A23G-05
Improving The Retrieval Of Atmospheric Stability Indices By Combining Ground-based And Satellite Remote Sensing

Tuesday, 15 December 2015: 14:40
3012 (Moscone West)
Ulrich Loehnert, University of Cologne, Cologne, Germany
Abstract:
A new generation of high-resolution (~1km) weather forecast models now becoming operational over Europe promises to revolutionize predictions of severe weather, specifically by explicitly resolving convection. For this, a dense observing network is required, focusing especially on the lowest few km of the atmosphere, so that forecast models have the most realistic state of the atmosphere for initialization, continuous assimilation and verification. In this context, the current European COST action TOPROF (ES1303) deals with operational networking of three existing but so far under-exploited, ground-based remote sensing instruments throughout Europe: i) Several hundreds of ceilometers, ii) more than 20 Doppler lidars, and iii) About 30 microwave profilers (MWP) giving profiles of temperature and humidity in the lowest few km every 10 minutes.

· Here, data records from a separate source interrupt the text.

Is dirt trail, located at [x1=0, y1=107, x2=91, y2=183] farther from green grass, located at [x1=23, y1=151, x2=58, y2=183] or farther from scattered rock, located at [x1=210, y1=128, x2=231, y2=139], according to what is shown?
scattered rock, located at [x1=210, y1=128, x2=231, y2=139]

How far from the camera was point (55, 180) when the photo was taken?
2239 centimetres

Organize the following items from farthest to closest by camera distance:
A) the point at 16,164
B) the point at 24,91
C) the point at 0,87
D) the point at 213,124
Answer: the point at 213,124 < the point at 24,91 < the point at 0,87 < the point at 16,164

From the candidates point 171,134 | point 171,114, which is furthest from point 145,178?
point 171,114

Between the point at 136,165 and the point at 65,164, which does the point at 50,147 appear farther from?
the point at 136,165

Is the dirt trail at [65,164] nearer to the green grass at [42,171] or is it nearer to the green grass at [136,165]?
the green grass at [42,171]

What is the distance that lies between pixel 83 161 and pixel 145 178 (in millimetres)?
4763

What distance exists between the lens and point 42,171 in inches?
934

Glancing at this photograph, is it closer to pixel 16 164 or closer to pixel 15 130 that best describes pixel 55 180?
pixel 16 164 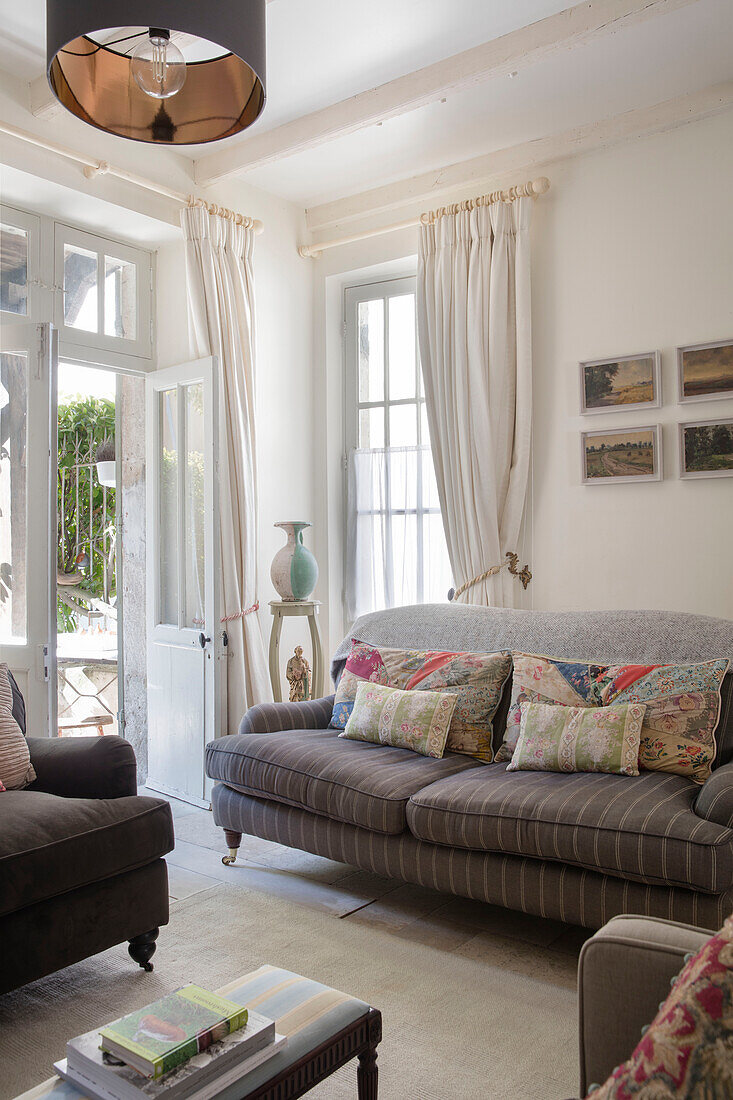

Specifically, MWP are highly suited for continuously monitoring the temporal development of atmospheric stability (i.e. Cimini et al. 2015, AMT) before the initiation of deep convection. However, the vertical resolution of MWP temperature profiles is best in the lowest kilometer above the surface, decreasing rapidly with increasing height. In addition, humidity profile retrievals typically cannot be resolved with more than two degrees of freedom for signal, resulting in a rather poor vertical resolution throughout the troposphere. Typical stability indices (i.e. K-index, Lifted Index, Showalter Index, CAPE,..) rely on temperature and humidity values not only in the region of the boundary layer (850 hPa) but also at 700 hPa, 500 hPa, in between these levels or even higher above. In this study, for clear sky cases, satellite remote sensing (i.e. SEVIRI radiances from the geostationary METEOSAT ) is used to complement the ground-based MWP information. The theoretical basis of the combined retrieval is highlighted, error reductions resulting from the sensor synergy are discussed and applications to real data are shown. The study generally underlines the need for an enhanced ground-based and satellite synergy. Such techniques may possess high potential for improving weather forecasting and/or nowcasting application, however have not even begun to be exploited.